╭─ Data shown

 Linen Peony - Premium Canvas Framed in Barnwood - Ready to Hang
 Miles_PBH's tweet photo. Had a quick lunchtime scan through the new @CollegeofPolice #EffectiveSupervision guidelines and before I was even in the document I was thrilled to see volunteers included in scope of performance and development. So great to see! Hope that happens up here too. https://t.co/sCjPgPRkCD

╰─
╭─ Data shown

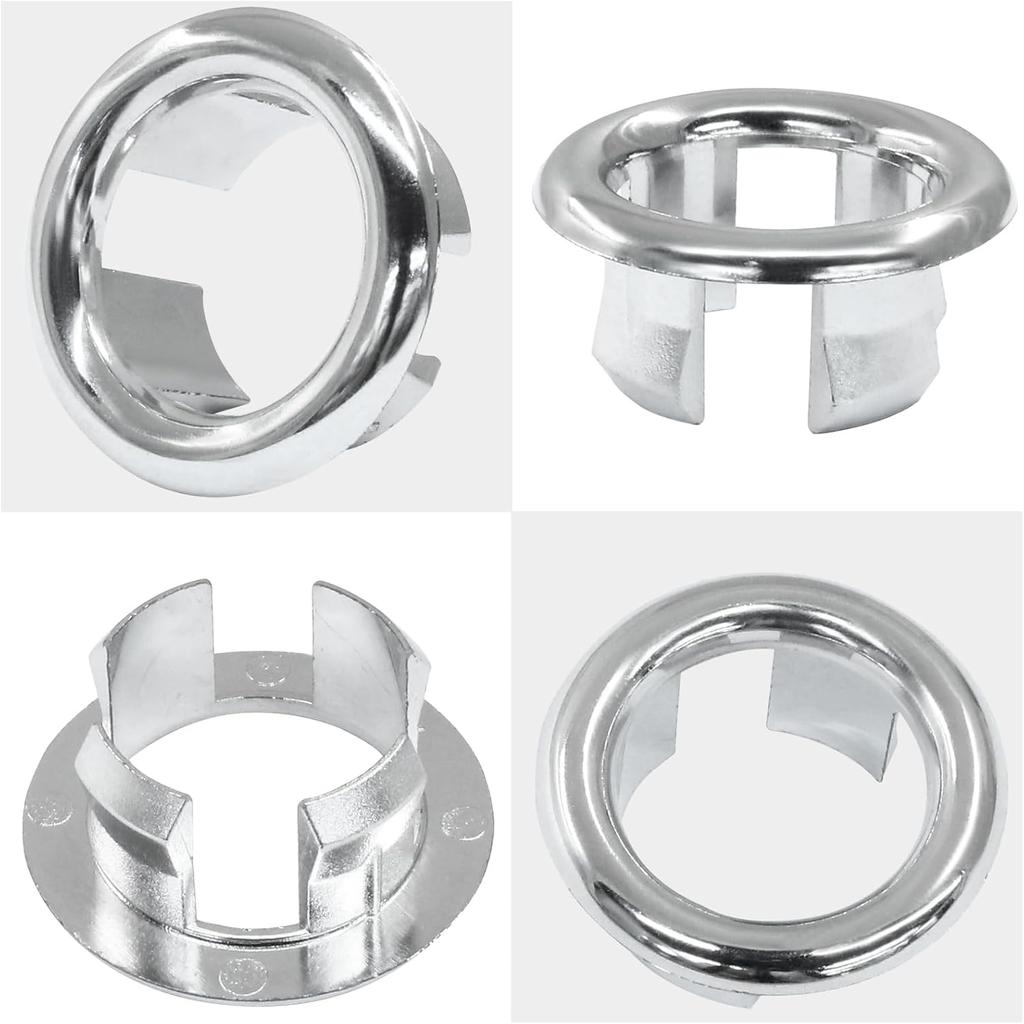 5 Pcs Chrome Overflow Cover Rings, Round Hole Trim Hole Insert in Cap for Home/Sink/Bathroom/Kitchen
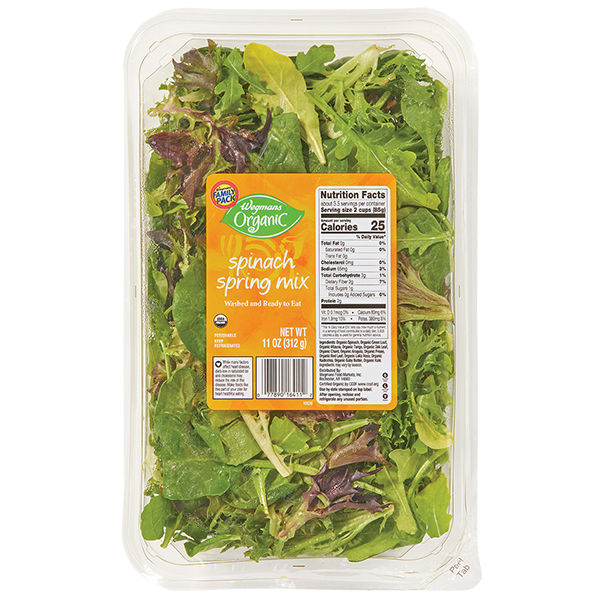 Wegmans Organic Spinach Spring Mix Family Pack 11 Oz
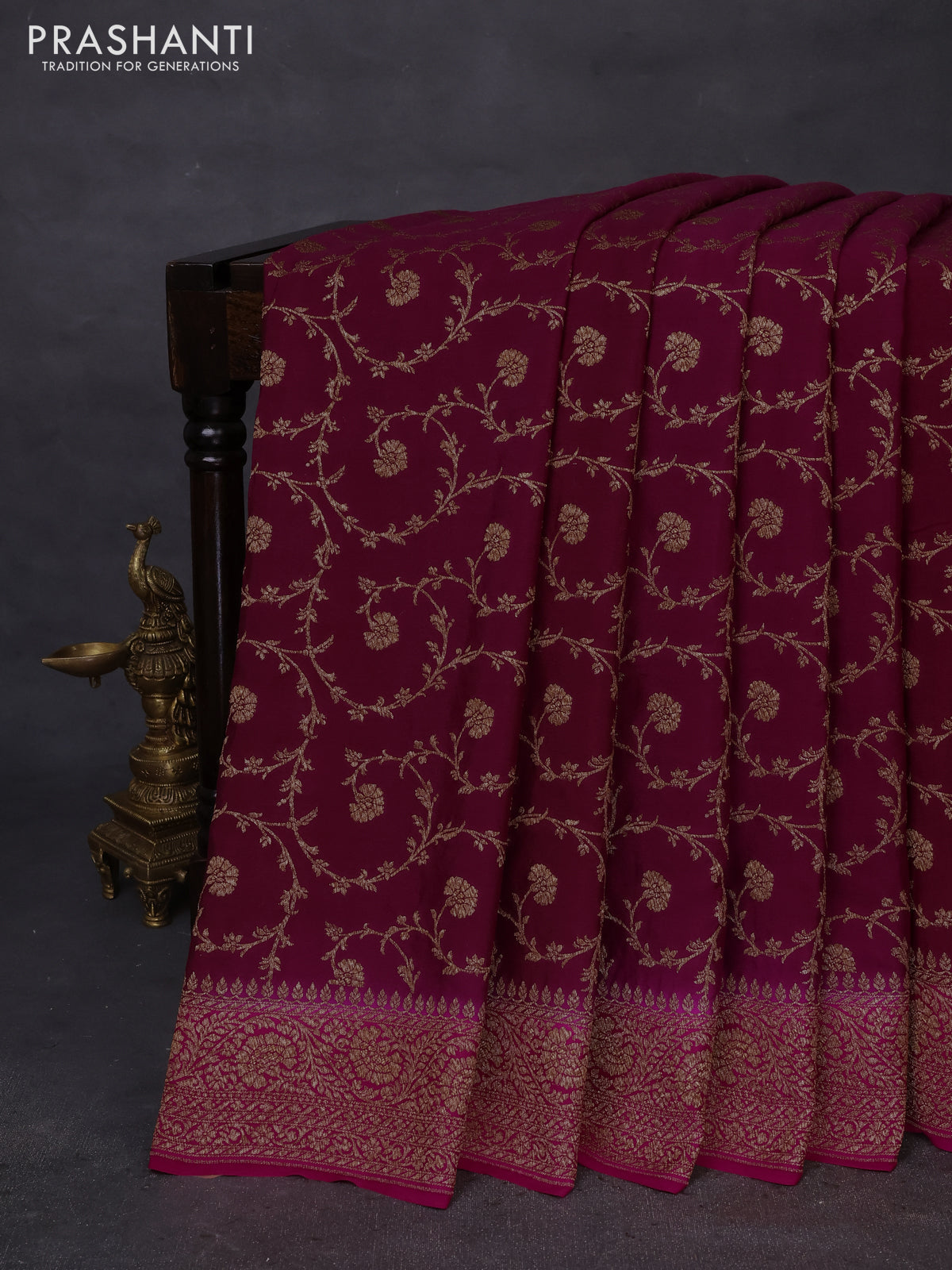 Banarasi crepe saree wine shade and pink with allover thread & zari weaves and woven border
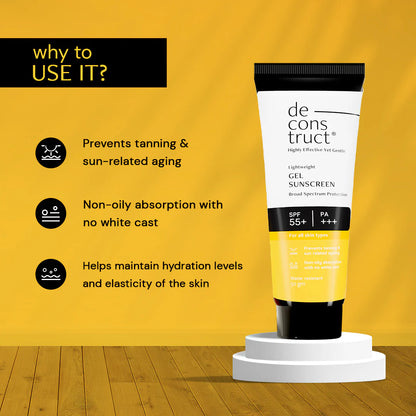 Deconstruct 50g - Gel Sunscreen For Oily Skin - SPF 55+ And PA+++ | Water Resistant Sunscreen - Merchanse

╰─

Above are the records; copy from them only the lines starting at the one containing "Wegmans Organic Spinach" and ending at the one containing "Deconstruct 50g - Gel", exactly and without pictures.

 Wegmans Organic Spinach Spring Mix Family Pack 11 Oz
 Banarasi crepe saree wine shade and pink with allover thread & zari weaves and woven border
 Deconstruct 50g - Gel Sunscreen For Oily Skin - SPF 55+ And PA+++ | Water Resistant Sunscreen - Merchanse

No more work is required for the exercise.